§ How to complete this task
No pictures go into the copy. Write out every line below exactly.

§ Task input

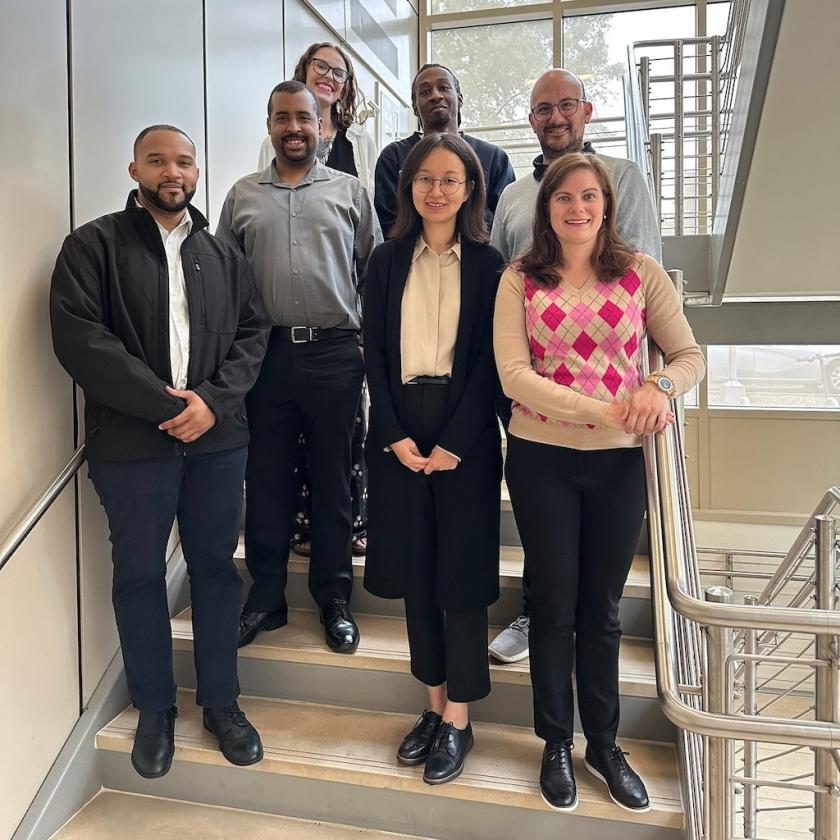 UVA Engineering Rising Scholars program participants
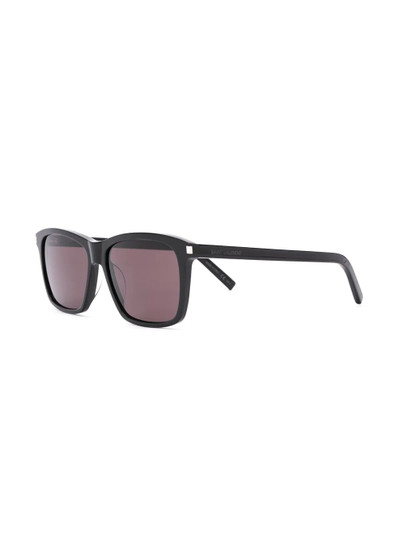 SAINT LAURENT square frames sunglasses outlook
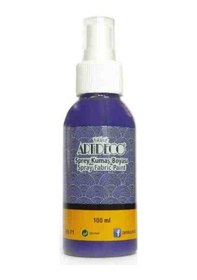 Resim Artdeco Sprey Kumaş Boyası 1208 Mor 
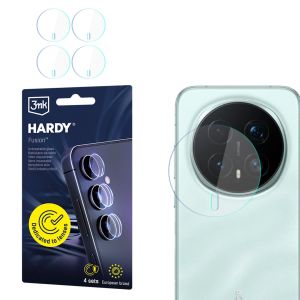 Camera lens glass for Honor Magic8 Pro - 3mk HARDY® Fusion Lens Protection™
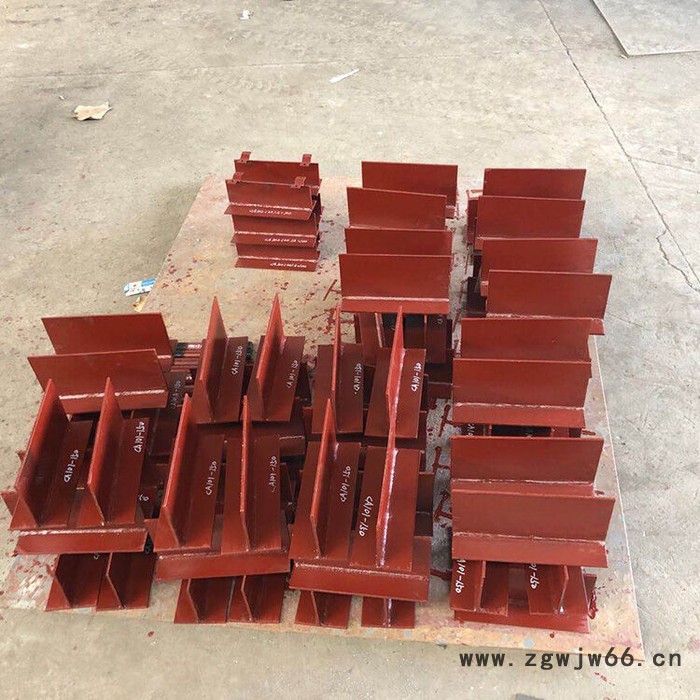 管夹支架 地埋导向支架 保温夹管支架 规格齐全图2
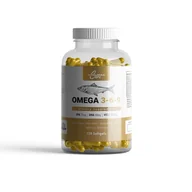 Witaminy i minerały - Suplement diety, Vitalmax Omega 3-6-9, Kwasy Tłuszczowe Serce, 120 Kaps. - miniaturka - grafika 1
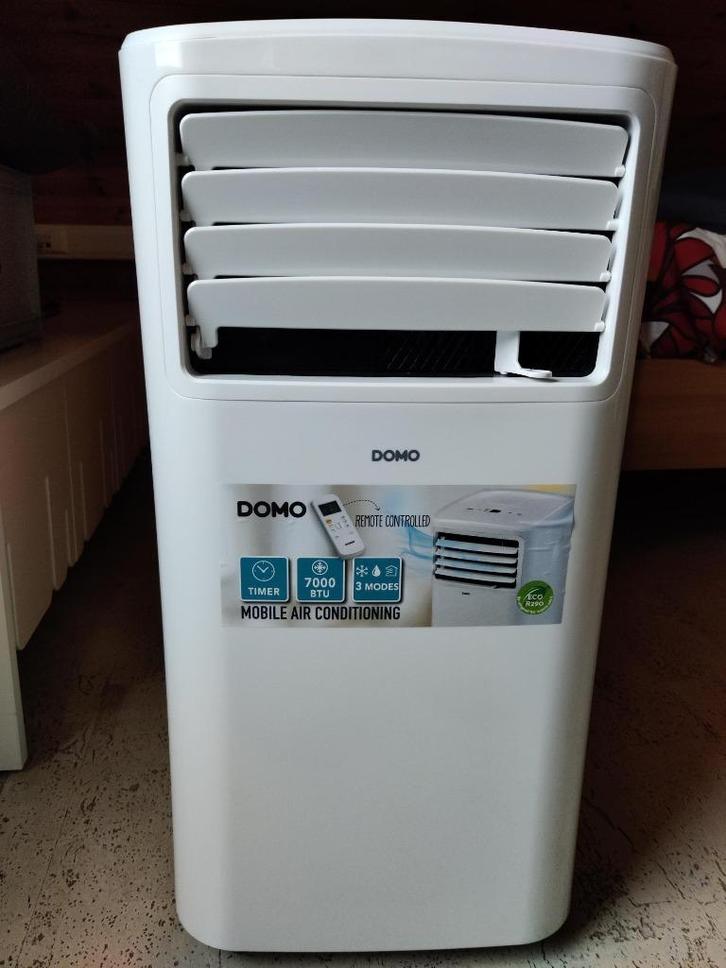 Mobiele Airco, Elektronische apparatuur, Airco's, Zo goed als nieuw, Mobiele airco, 60 tot 100 m³, Koelen en Ontvochtigen, Verwarmen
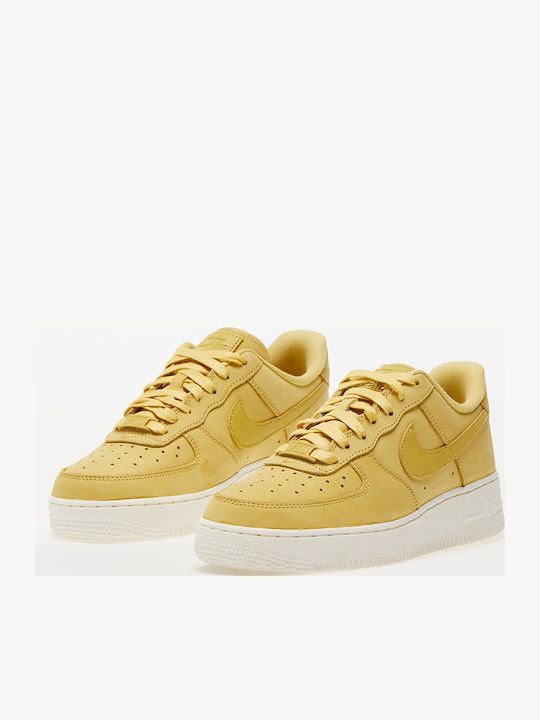 Air Force 1 PRM Γυναικεία Sneakers Saturn Gold / Sail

§ Solution for this exercise
 UVA Engineering Rising Scholars program participants
 SAINT LAURENT square frames sunglasses outlook
 Resim Artdeco Sprey Kumaş Boyası 1208 Mor 
 Camera lens glass for Honor Magic8 Pro - 3mk HARDY® Fusion Lens Protection™
 管夹支架 地埋导向支架 保温夹管支架 规格齐全图2
 Witaminy i minerały - Suplement diety, Vitalmax Omega 3-6-9, Kwasy Tłuszczowe Serce, 120 Kaps. - miniaturka - grafika 1
 Mobiele Airco, Elektronische apparatuur, Airco's, Zo goed als nieuw, Mobiele airco, 60 tot 100 m³, Koelen en Ontvochtigen, Verwarmen
 Air Force 1 PRM Γυναικεία Sneakers Saturn Gold / Sail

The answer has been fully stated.